## What the task asks
Leave the pictures out and print, word for word, the lines below from the one with "Hot 2025 25-rums" through the final line.

[Opening Raw data section]

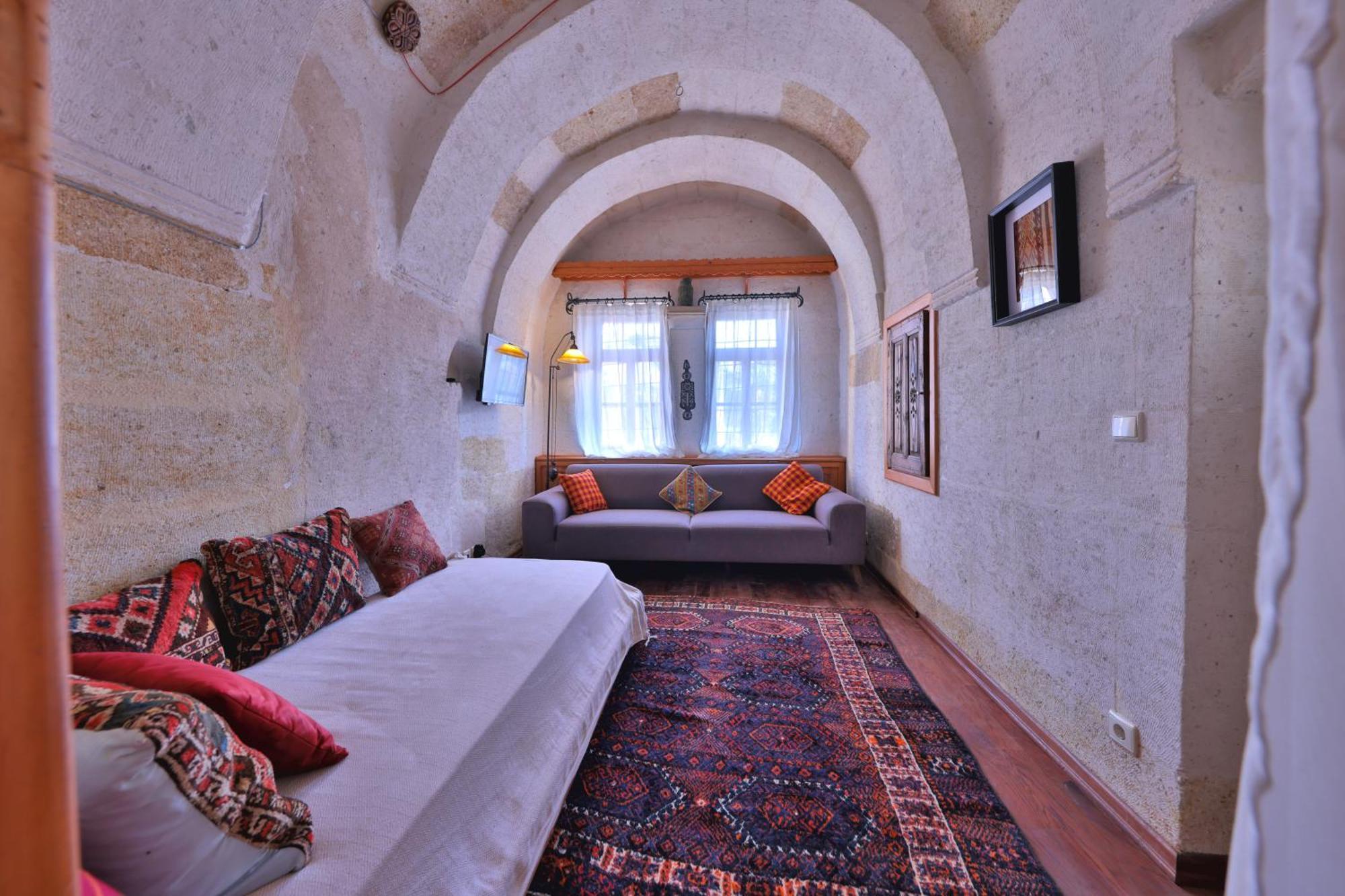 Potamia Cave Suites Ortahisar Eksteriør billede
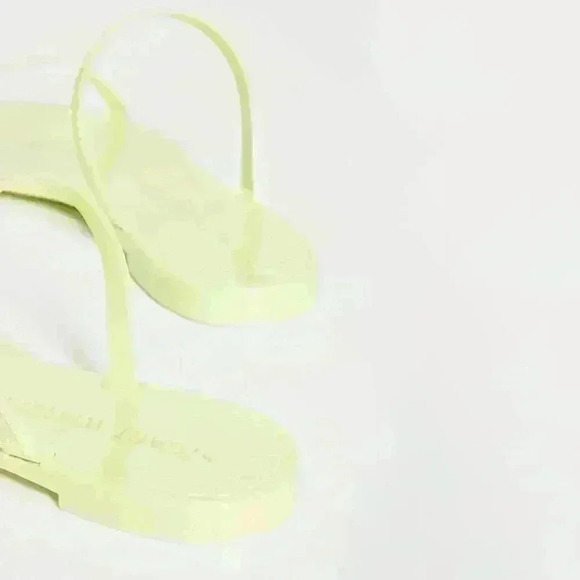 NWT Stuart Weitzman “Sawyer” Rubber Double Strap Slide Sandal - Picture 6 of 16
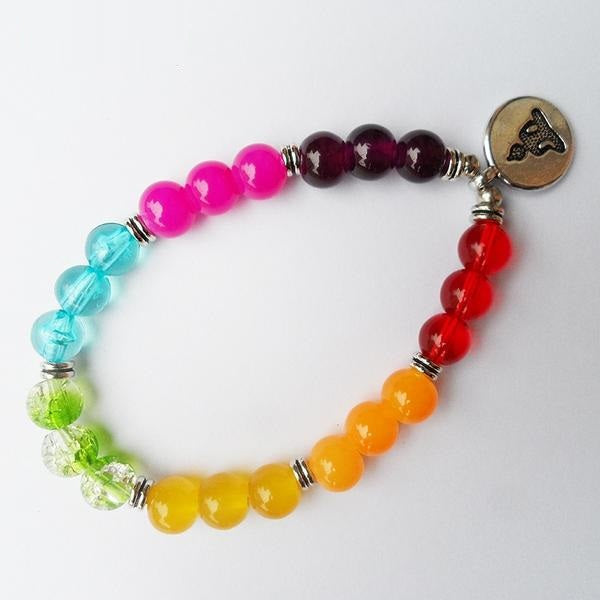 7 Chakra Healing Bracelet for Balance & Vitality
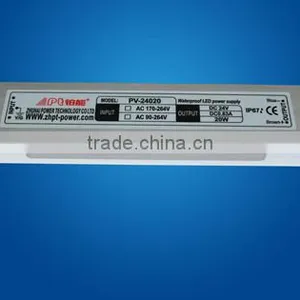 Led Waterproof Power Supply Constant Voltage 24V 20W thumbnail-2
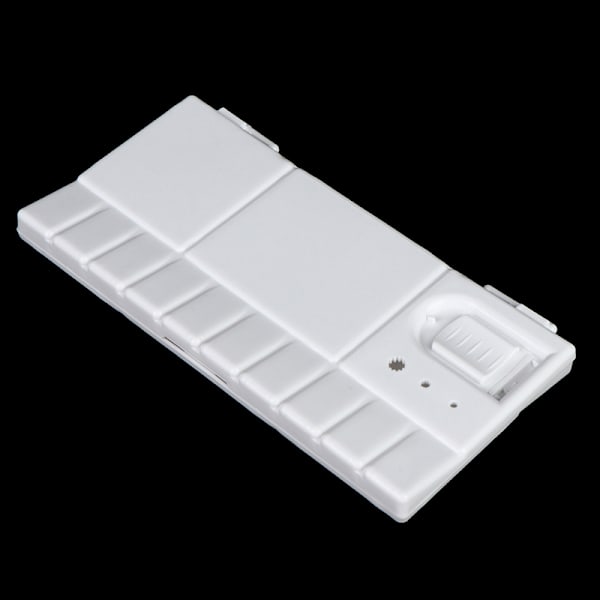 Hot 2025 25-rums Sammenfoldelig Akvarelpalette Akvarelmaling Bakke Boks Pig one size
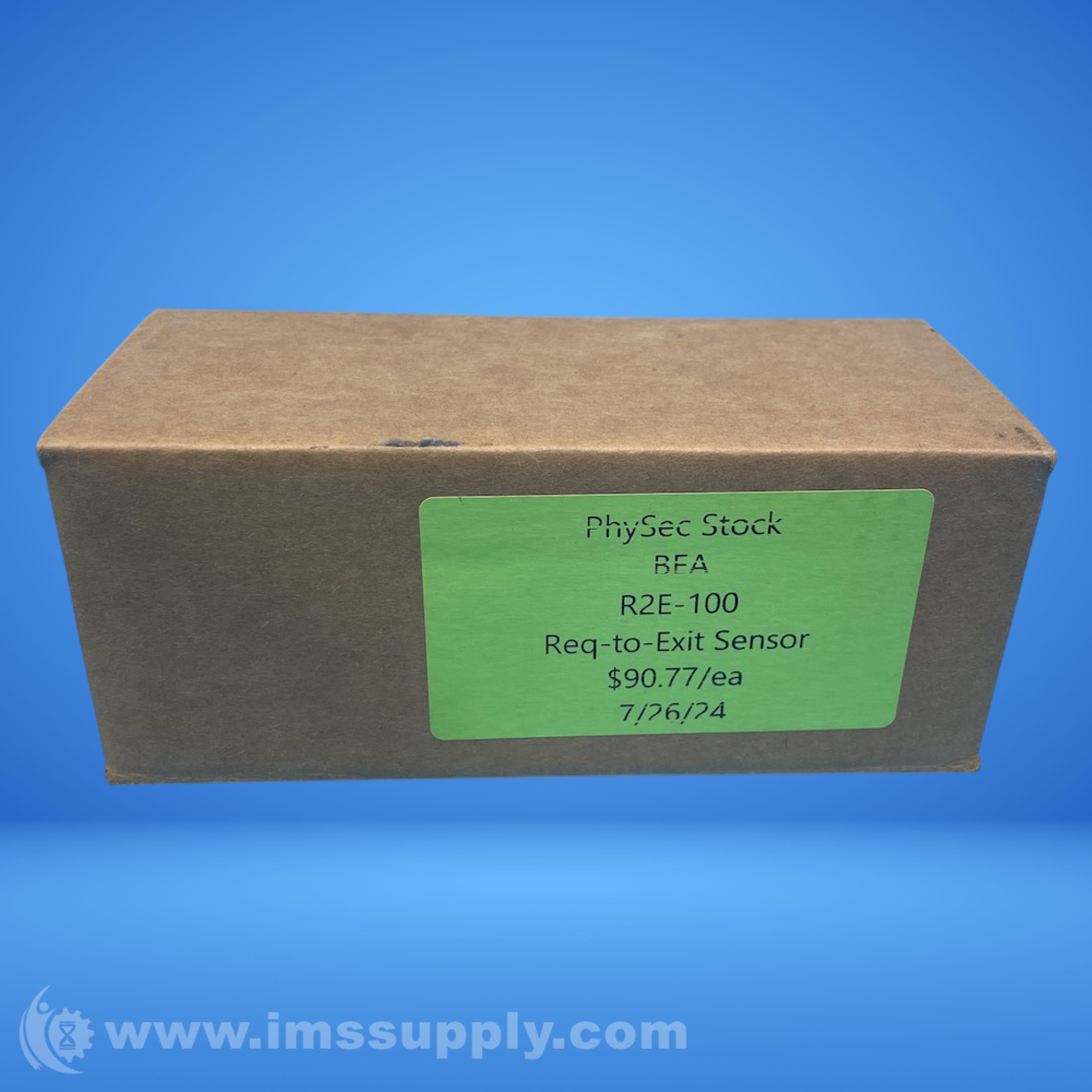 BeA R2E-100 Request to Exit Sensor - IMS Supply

[Closing Raw data section]

## Exercise response
 Hot 2025 25-rums Sammenfoldelig Akvarelpalette Akvarelmaling Bakke Boks Pig one size
 BeA R2E-100 Request to Exit Sensor - IMS Supply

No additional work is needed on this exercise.